Our second reading from Romans, should remind us of Paul’s letter to the Thessalonians, where Paul is trying to get the Thessalonians back to work, for they were so convinced that Jesus was coming a second time that they just sat back and waited for His arrival. In Romans, a letter written several decades after Thessalonians, Paul is trying to get the Roman community to behave, because their salvation now “was nearer than when they first believed.” The “day of Christ’s (second) coming is at hand,” says Paul. They must change their behavior, and “put on the Lord Jesus Christ, and make no provisions for the desire of the flesh.”
Our gospel reading comes from Matthew, and not from his beautiful infancy narratives which we will hear proclaimed often in the Christmas season. No, the passage is from the latter part of his gospel where Jesus is speaking about His own second coming. His message is one of vigilance, be ready, “stay awake.” Shortly before His own death, Jesus gives testimony to a central tenet of our faith, that He will come again. He tells His disciples, “you also must be prepared, for at an hour you do not expect, the Son of Man will come.”
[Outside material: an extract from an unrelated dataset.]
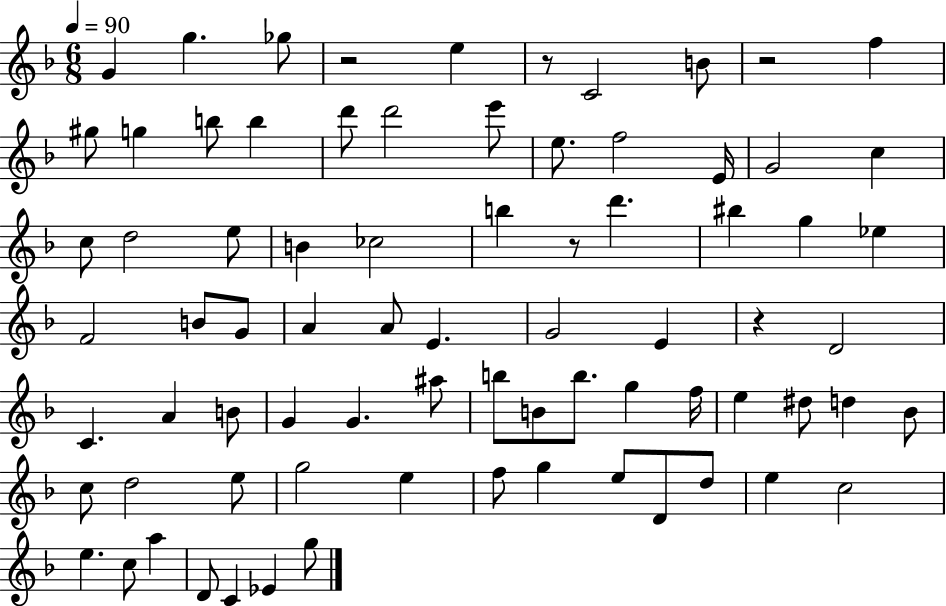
G4/q G5/q. Gb5/e R/h E5/q R/e C4/h B4/e R/h F5/q G#5/e G5/q B5/e B5/q D6/e D6/h E6/e E5/e. F5/h E4/s G4/h C5/q C5/e D5/h E5/e B4/q CES5/h B5/q R/e D6/q. BIS5/q G5/q Eb5/q F4/h B4/e G4/e A4/q A4/e E4/q. G4/h E4/q R/q D4/h C4/q. A4/q B4/e G4/q G4/q. A#5/e B5/e B4/e B5/e. G5/q F5/s E5/q D#5/e D5/q Bb4/e C5/e D5/h E5/e G5/h E5/q F5/e G5/q E5/e D4/e D5/e E5/q C5/h E5/q. C5/e A5/q D4/e C4/q Eb4/q G5/e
There is beauty in the new liturgical year’s allowance of a time to get prepared, whether we are preparing for the birth of our Savior at Christmas, or whether it is Christ’s second coming we are preparing for, or even our own leaving of this world for the next. We are assured that it is all going to happen. It is up to us to make the effort to be prepared. And how do we prepare? We do not become saints overnight, but with God’s help and grace we do the best we can to do things that are going to bring us closer to the kind of holiness that characterizes the saints, a holiness that was often flawed. There is a big difference between striving for perfection, and thinking of ourselves as perfect. Indeed, the knowledge of our own imperfections is the beginning of God having an opportunity for breaking open our hardened hearts and placing the love of God there. Like the Roman’s we must “put on the Lord Jesus Christ.” The more we look like Jesus, by living as He taught us, the more people will know us as genuinely Christian “by our love, by our love, yes they’ll know we are Christians by our love.”